Fudgy Nut Butter Brownies
Adapted from this recipe.
- 1 Flax Egg (1 TB ground flax seeds mixed with 3 TB warm water)
- 3 Tablespoons Coconut Flour
- 1/4 Cup Raw Cacao Powder
- 1/2 Teaspoon Baking Powder
- 1/2 Teaspoon Baking Soda
- Pinch of Salt
- 1/2 Cup Brown Sugar
- 1 Cup Nut Butter (I used peanut butter)
- 1/2 Cup Unsweetened Almond Milk (or other nondairy milk)

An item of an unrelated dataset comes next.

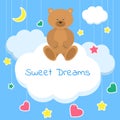 Sweet dreams colorful vector Illustration. Sleep concept. Beautiful poster for baby rooms or bedroom. Children Royalty Free Stock Photo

- 1 Tablespoon Pure Vanilla Extract
Makes one 6 inch pan.
Preheat oven to 350 degrees. In a small bowl, make the flax egg and set aside. In a medium bowl, combine coconut flour, cacao, baking powder, baking soda and salt. Mix in the brown sugar and nut butter. Using a whisk or fork, whisk the flax eggs until they are an even consistency, add the vanilla extract and whisk again until combined. Add the vanilla flax mixture to the rest of the ingredients. Lastly, add the almond milk and stir until everything is combined without over mixing. Pour batter in a greased 6 inch pan (I used coconut oil as grease) and place in the oven for 35-40 minutes or until a toothpick can be inserted and cleanly removed. Allow to cool approximately 10 minutes before serving. Dress it up how you like or eat it plain. Either way, enjoy!
Options & Sidenotes:
-Mix in or sprinkle on top before baking, 1/4 Cup Vegan Chocolate Chips and/ or Chopped Nuts
-Next time, I will definitely try this with Almond Butter for a richer chocolate flavor
-I used a no-stir peanut butter, sometimes the nut butters that need to be stirred are too oily for baking
-I baked my brownies in a 6x8 inch glass Pyrex dish, I recommend using a 6 inch pan so they come out thicker, however an 8 inch pan might be okay
-The original recipe calls for Pure Maple Syrup, which I did not have on hand, but feel free to try using it if you were looking for a less processed sugar
-To make the brownies more decadent sprinkle with Cacao Powder before serving
How was your holiday weekend?
What tasty food did you eat?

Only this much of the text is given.